* _Prompt_
Output exactly, and only, the lines below from the one with "Le Bretagne - Hotel" down to the one with "bolas deportes paisaje". Include both end lines and no pictures.

* _The records_
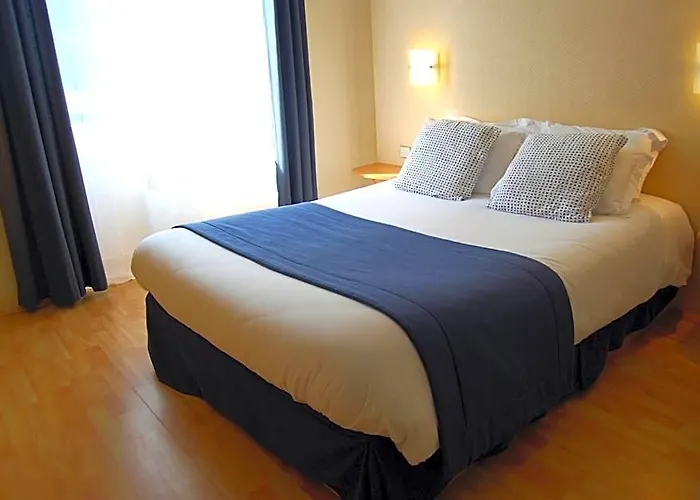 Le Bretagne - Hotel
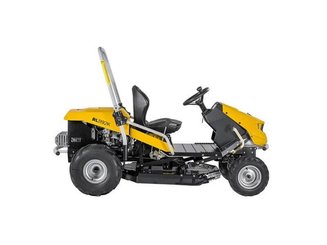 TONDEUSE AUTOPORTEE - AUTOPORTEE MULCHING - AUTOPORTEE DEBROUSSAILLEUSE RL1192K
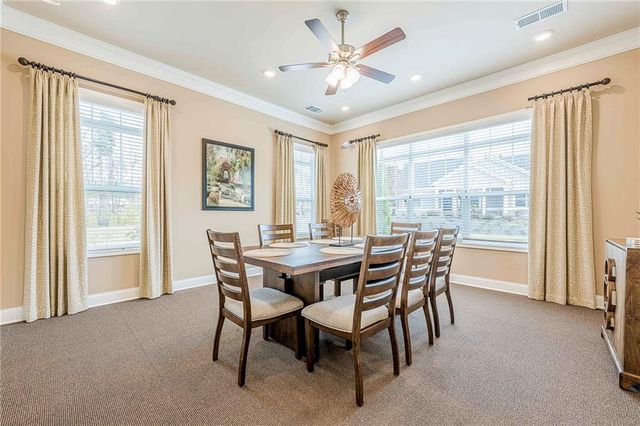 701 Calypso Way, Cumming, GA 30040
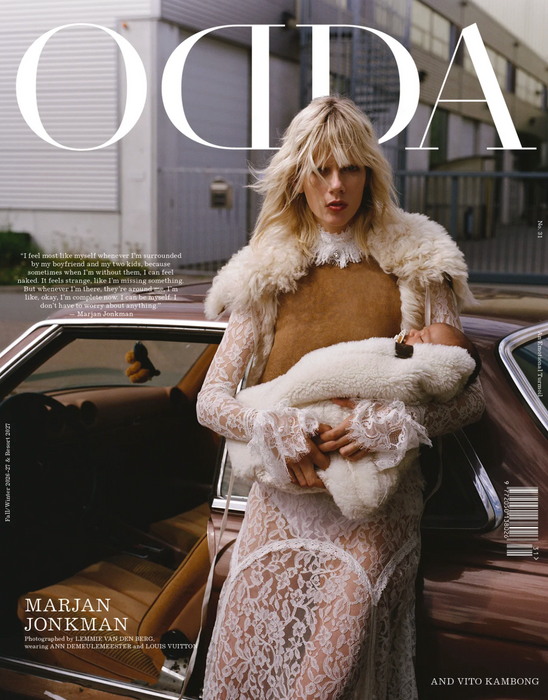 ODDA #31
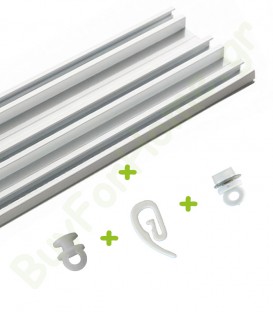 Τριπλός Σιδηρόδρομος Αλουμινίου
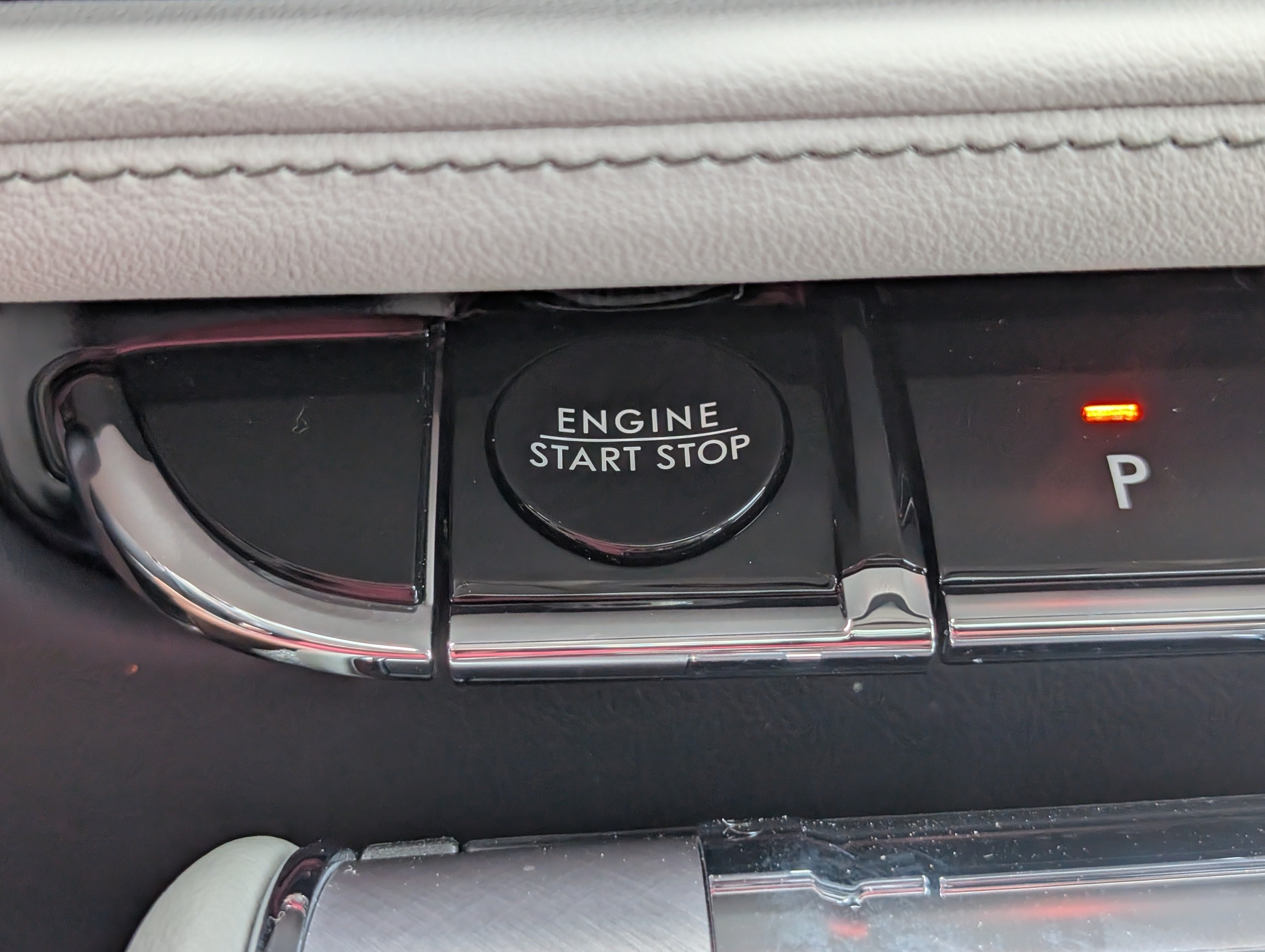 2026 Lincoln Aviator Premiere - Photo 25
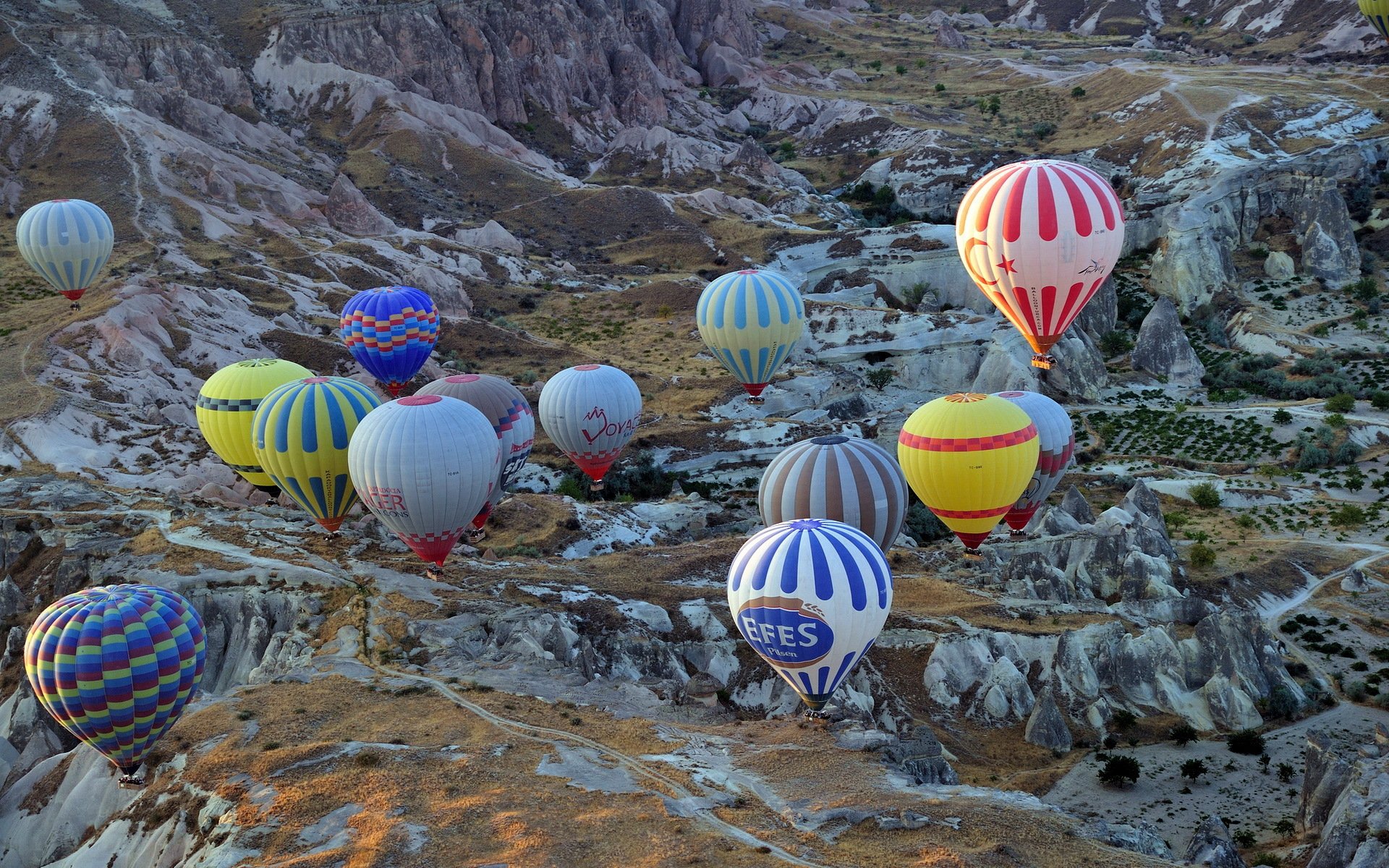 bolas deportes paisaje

==

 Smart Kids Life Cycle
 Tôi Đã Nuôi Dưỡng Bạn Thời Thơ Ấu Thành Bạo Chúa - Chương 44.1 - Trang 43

* _Reply to the task_
 Le Bretagne - Hotel
 TONDEUSE AUTOPORTEE - AUTOPORTEE MULCHING - AUTOPORTEE DEBROUSSAILLEUSE RL1192K
 701 Calypso Way, Cumming, GA 30040
 ODDA #31
 Τριπλός Σιδηρόδρομος Αλουμινίου
 2026 Lincoln Aviator Premiere - Photo 25
 bolas deportes paisaje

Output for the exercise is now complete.